The NPR – National Public Radio – recently reported in a three-part series that the major networks are trying to appeal to Latino audiences. Although the NPR article focuses specifically on news outlets trying to appeal to both Latinos who prefer their news in Spanish and those who prefer it in English, the networks are also struggling to figure out Latino’s TV viewing preferences in regular programming, such as sitcoms and dramas. Everyone wants a piece of the Latino 1-trillion-purchasing-power pie. According to a study by Nielsen Media, published earlier this year, the purchasing power of Latinos is greater than any other ethnic group.
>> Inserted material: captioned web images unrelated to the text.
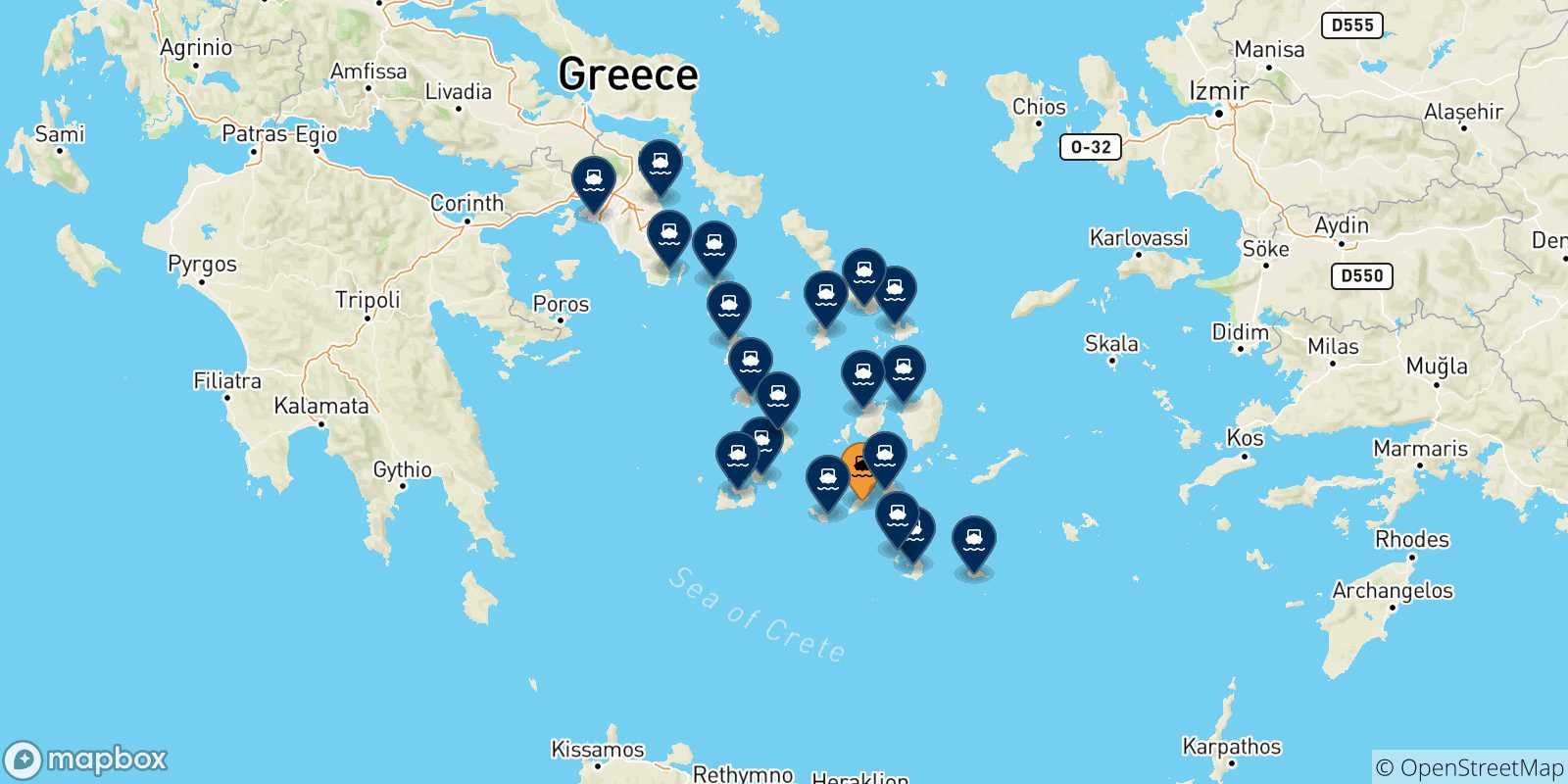 Carte des traversées possibles entre Sikinos et la Grèce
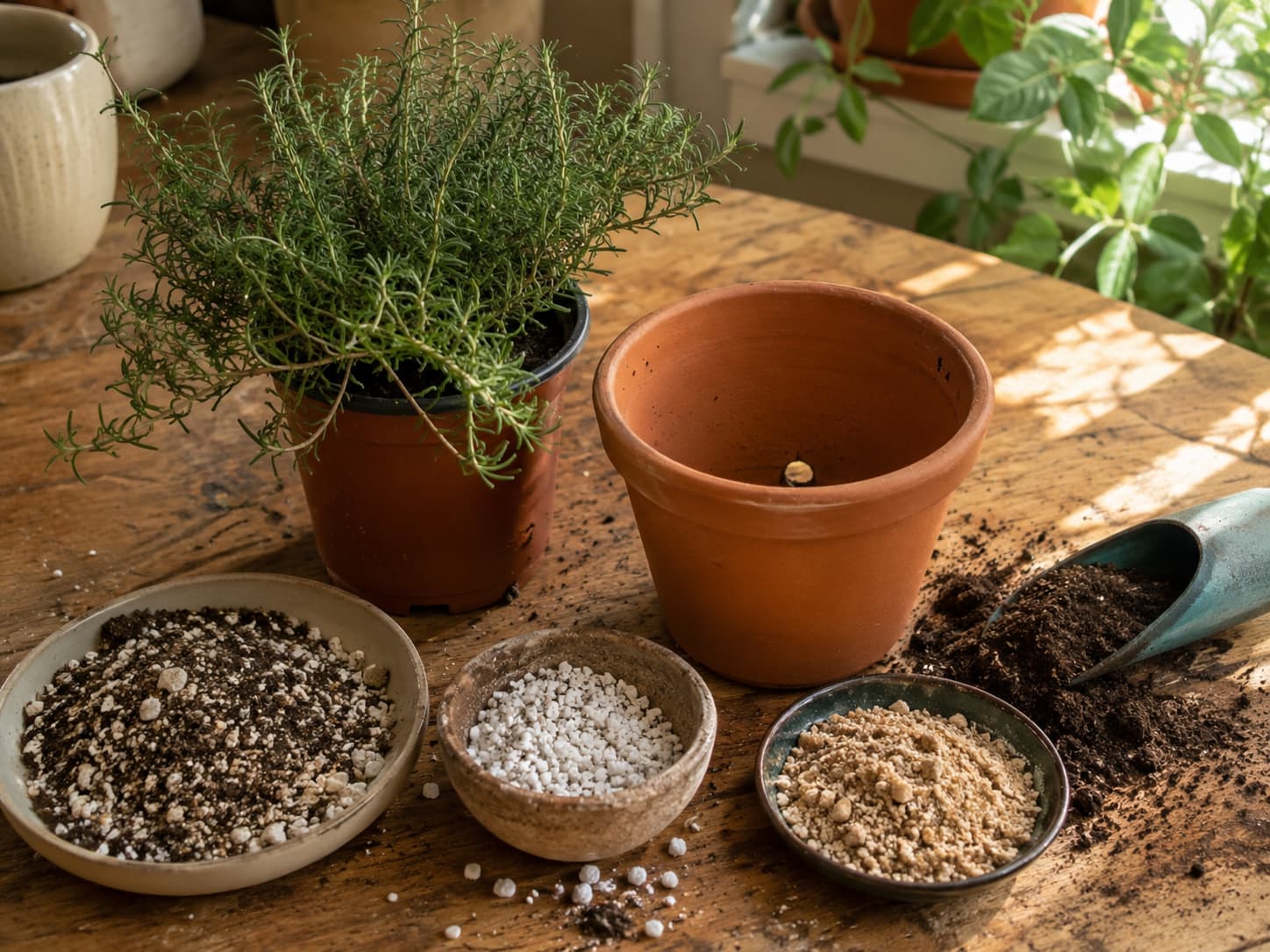 Illustration of rosemary repotting with a terracotta pot, drainage hole, perlite, gritty soil mix, and potting tools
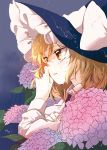  1girl blonde_hair blue_background flower hands_on_own_face hat hat_ribbon hydrangea kirisame_marisa long_sleeves looking_away parted_lips rain ribbon short_hair solo tears touhou water_droplets wet witch_hat yellow_eyes yonu_(yonurime) 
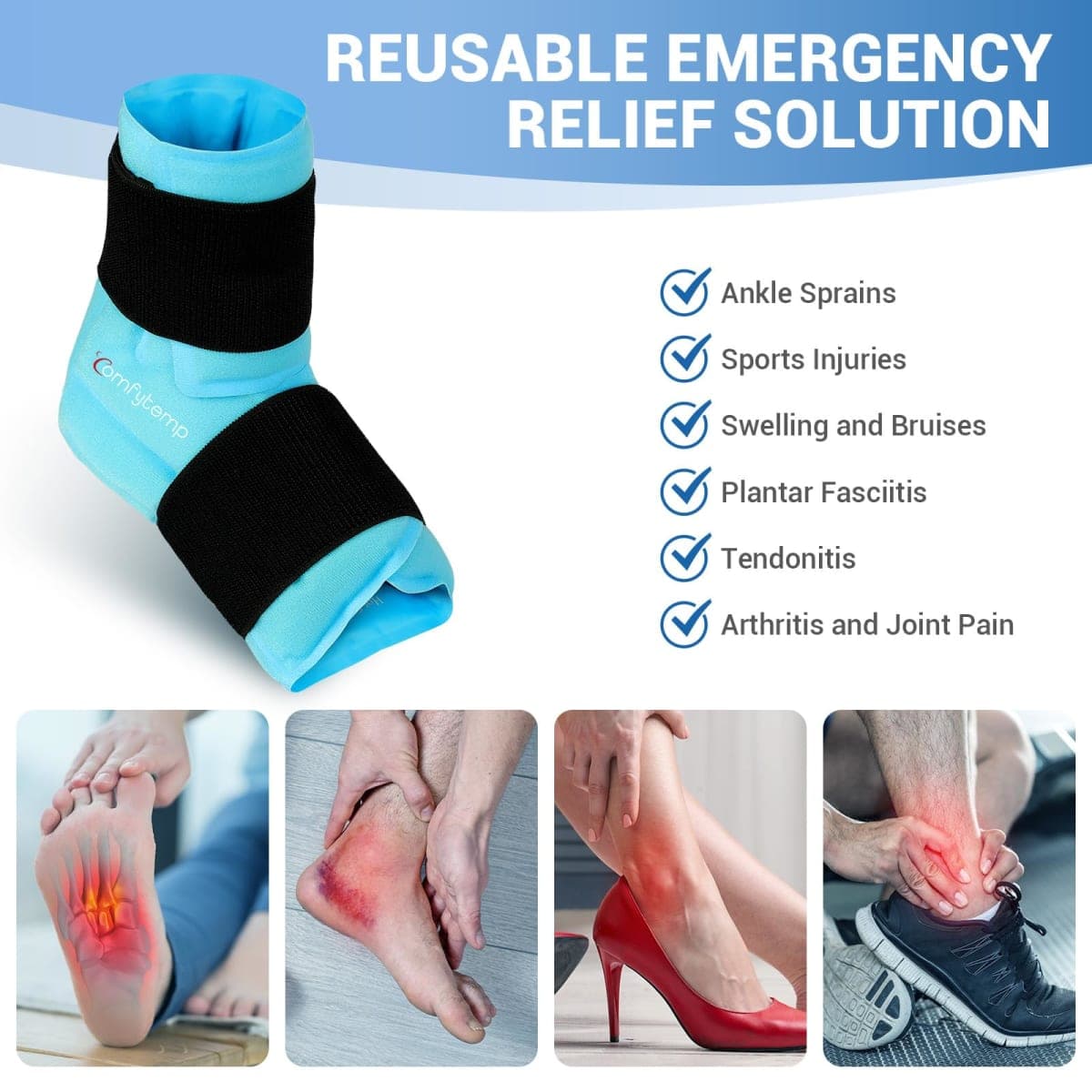 Comfytemp Ankle Foot Ice Pack Wrap for Plantar Fasciitis Relief, Ankles Brace for Sprain, Heel Spur, Swelling, Achilles Tendonitis, Cold Bag for Injuries Reusable, Hot Cold Compress, 2 Pack (Blue) thumbnail 3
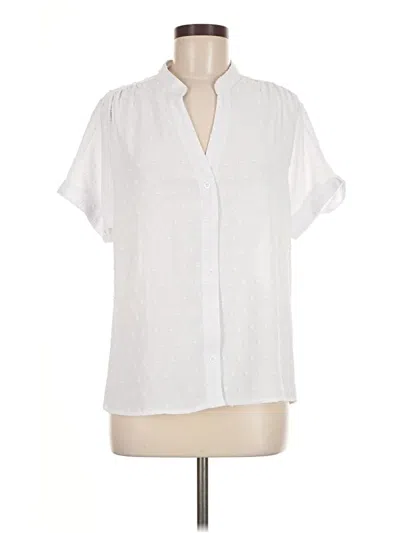 Pre-owned Unbranded Short Sleeve Blouse In White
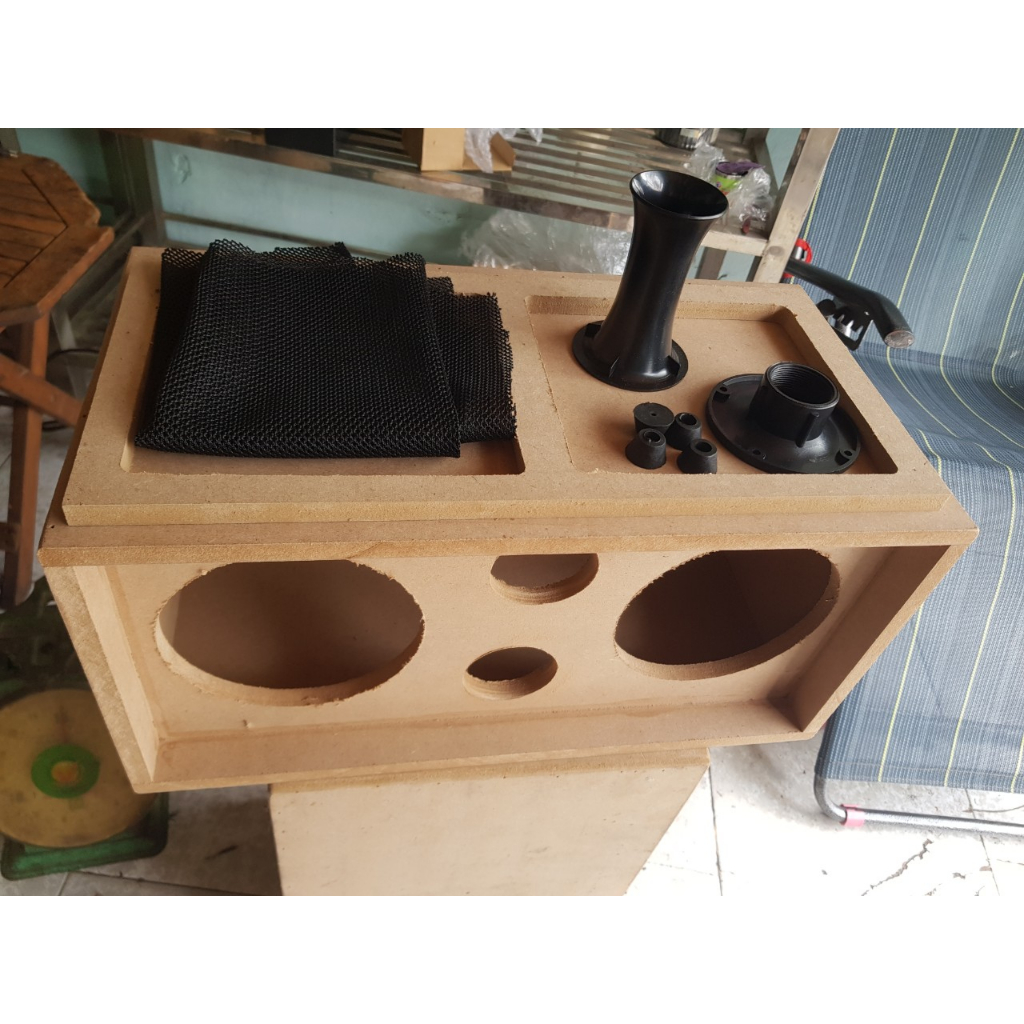 Vỏ loa ván thô cắt cnc 2bass16 kèm mặt ecang và full combo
Some believe that networks haven’t been able to appeal to Latino audiences with their English-language programming because of the heavy use of stereotypes. The New York Times reported that characters like Sofia Vergara’s Gloria Delgado-Pritchett on ABC’s Modern Family are too stereotypical and turn Latino viewers away. I actually love Modern Family and Vergara’s character. I recall an episode where the family went to Disneyland and Gloria insisted on wearing heels, against her husband’s advice. I thought it was hysterical. Why? Because I’ve seen that with my own two eyes! I live near Disney World and have been there – a lot. I’ve seen it at the mall too! I think that sitcoms, in particular, rely on stereotypes to get laughs. Modern Family, for example, also pokes fun at gay stereotypes, A-type personalities, and family dynamics. That’s what makes it funny. Take a show like Friends. They had Ross the nerd, Monica the obsessive-compulsive neat freak, Joey the dumb actor, and Phoebe the ditz. And remember Christina Applegate’s character Kelly Bundy on Married with Children? That was dumb blonde stereotyping to the max.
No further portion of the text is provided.